If you want to hear the writing gods laugh, tell them your plans. Or better yet, tell your agent or editor your plans, in the form of the synopsis submitted with your proposal. Assuming that all goes well and you sell the thing, there with still be plenty of pages left to write. Pages in which your mind will run amok.
This happens to me frequently. I'll have a great idea all mapped out. Something simple and elegant that doesn't too badly strain my abilities. But after the sale, as I get to writing the novel, I start having better ideas. More convoluted ideas, for certain, which will be much more challenging to pull off but suddenly seem so much more interesting.

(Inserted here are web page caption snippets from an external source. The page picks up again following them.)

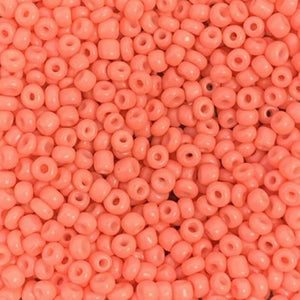 Rocailles oranje rood 3mm
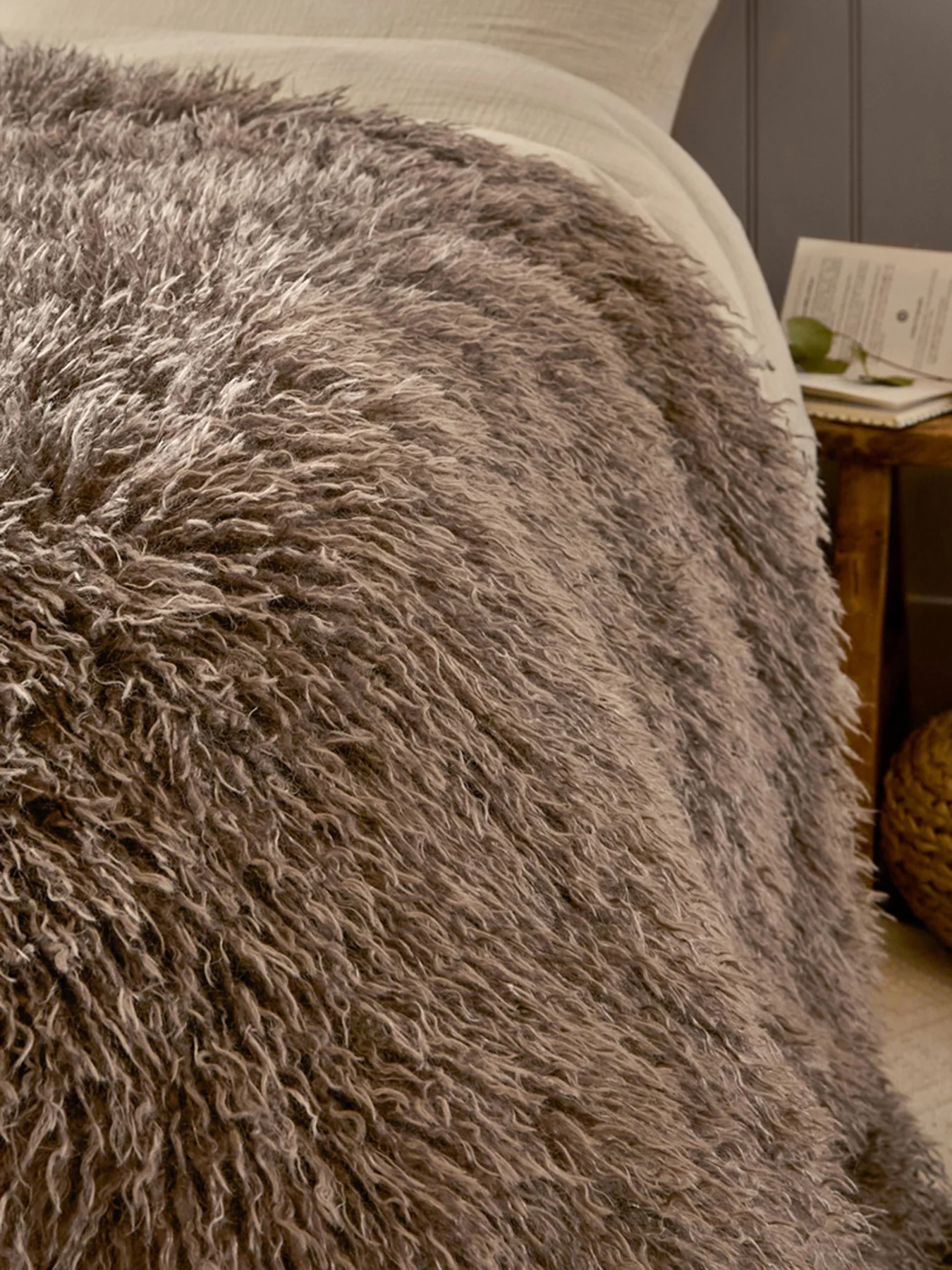 Rowan Soft-Touch Throw Mocha - Image 3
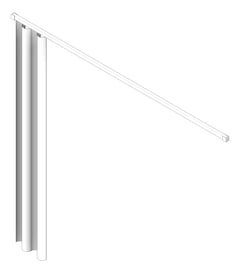 3D Shaded Image of CurtainTrack Straight ASIJDMacDonald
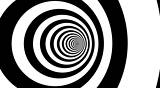 Optical illusion target tunnel retro spiral hypnosis circle circles time loop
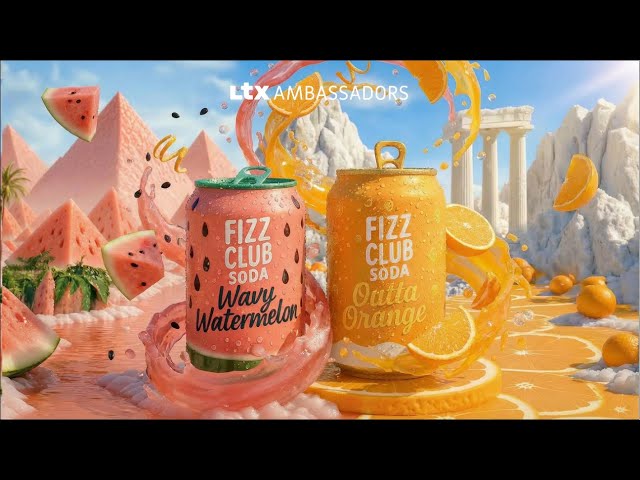 Fizz Soda Club | AI Amsterdam | LTX Ambassadors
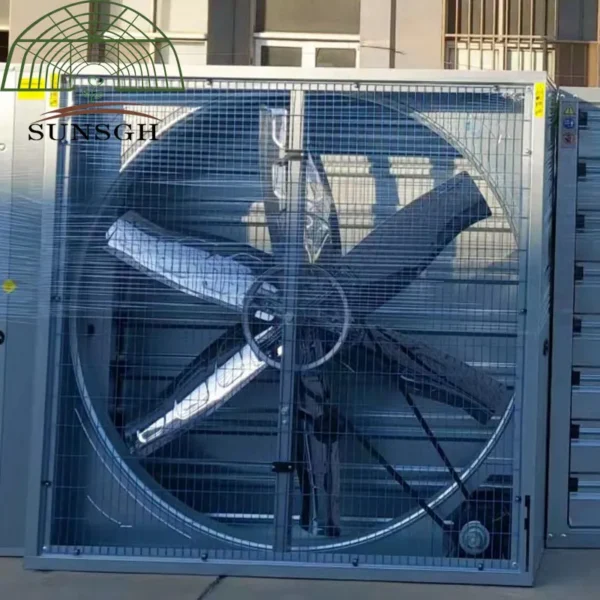 Louvered Exhaust Fan, 220v/380v, motor, galvanized steel - view 5
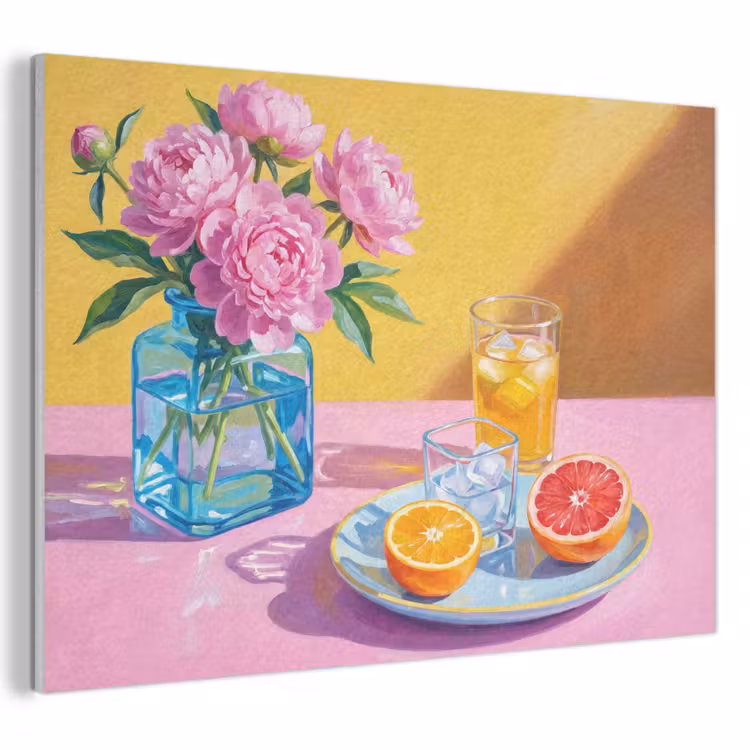 Akustikbild - Blumen – Rosa – Modern - Bloemen - Roze - Modern PET vilt klein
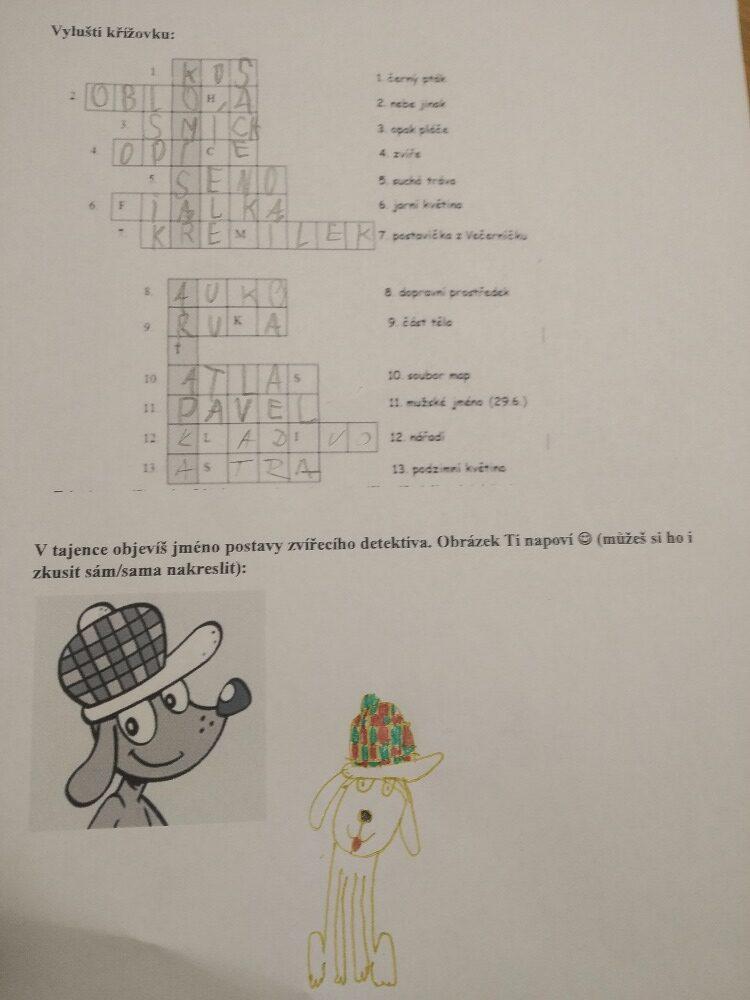 Distanční výuka ve třetí třídě 5. 2. - 7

According to my editor (who is often surprised by my book's endings, which bear so little resemblance to the ones in the synopses), this is very common. So long as the marketing hook and premise remain unchanged and everything hangs together, no one in the publishing house gets upset about this. In point of fact, the ideas that crop up along the way are often the cleverest, most interesting portions of the book. Besides that, they serve to keep the author from getting bored with the "done deal," a book that has already been pre-imagined. They also serve to scare the complacency out of the writer and force her to seriously pay attention to what he or she is doing. Neither of which is a bad idea.
So as Joni (and her parable of the discovery of Lucy's elbow) recently reminded us, detours are opportunities to shake things up in surprising and exciting ways. So the next time you come to a detour in your writing, don't cling too tightly to the plan. Risk a little exploration and see where it takes you.
Have you ever struck pay dirt by exploring a wild hair in your own story? Or has the "wild hare," like Alice's, led you into trouble?